Her approach to chilling at work, it turned out, wasn’t innovative, selective, and surreptitious but brazenly classical: long stretches of doing nothing. And there’s always something to do. During one shift, I made my way up and down the cleaning supply/auto supply/pest control aisle, filling the shelves from overstock and organizing, when I wasn’t pausing to perform cashier duties. She stood around an aisle or two over chatting with a couple of customers. That took up two hours. Then family members of hers showed up and she hung out with them in another aisle for about half an hour. Then she stood around behind the counter. That comes to about half my shift. Against store policy, she used the cash register to ring up her own purchases. (A verbal exchange, just for fun: I told her I was going on break. She said no.

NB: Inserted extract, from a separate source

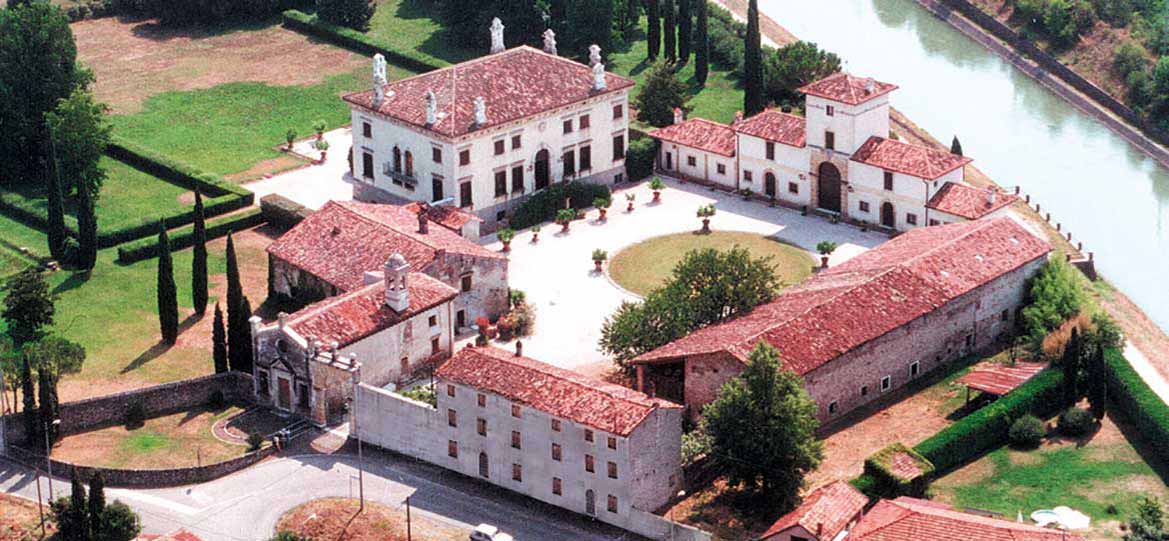 The aerial view showcases the expansive grounds of Villa d'Arco, featuring beautifully manicured gardens, quaint pathways, and characteristic terracotta roofs. Surrounding greenery complements the timeless architecture of the buildings, creating a harmonious environment that embodies historical elegance.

Mishearing her, I said, “You’re welcome.” When I realized my mistake, I proceeded to the break room.) And, before I could finish cleaning the store, she turned off the lights. It was 10:15 pm and she wanted to go home.

I wasn’t too sure whether the manager cared one way or another or even guessed what she was up to. Though I’d been quite clear about what kind of employee she was before, justice at work isn’t inevitable and sometimes, to avoid going through the trouble of hiring someone new, management will be highly lenient, making everyone else’s job worse. (Another work history could be written about those who somehow manage to keep these jobs despite everything, whose continued employment becomes deeply offensive.) But he was paying more attention than I realized, as I noticed him one day carefully sifting through old footage from the security cameras. At my next shift, in response to his written note about cleaning the entire store, I reported that I can’t clean with the lights turned off and suggested that he train his AM on elementary store upkeep. I’d purged my words of all sarcasm and derision. Let the facts, mildly listed, speak for themselves, I decided. But at the mention of her name, he scoffed and said he’d deal with her.

Then the next shift came and I learned that she’d quit. Distraught, I said: “     .” I took a register to count in the back. There, I found a written report on the desk, out in the open. Placing the cash register next to it, I couldn’t help but notice it was a warning for this now former employee…. Perhaps she quit in heated protest at being held accountable just for not doing her job. Or perhaps she realized this job, like most any one intends to keep, doesn’t provide the same comforts of reclining at home except with a paycheck thrown in and left out of disappointment to search for one that does.

The appearance of simplicity at the jobs I’ve done is deceptive. Depends on who’s doing it. I’ve never seen one that couldn’t be made arduous.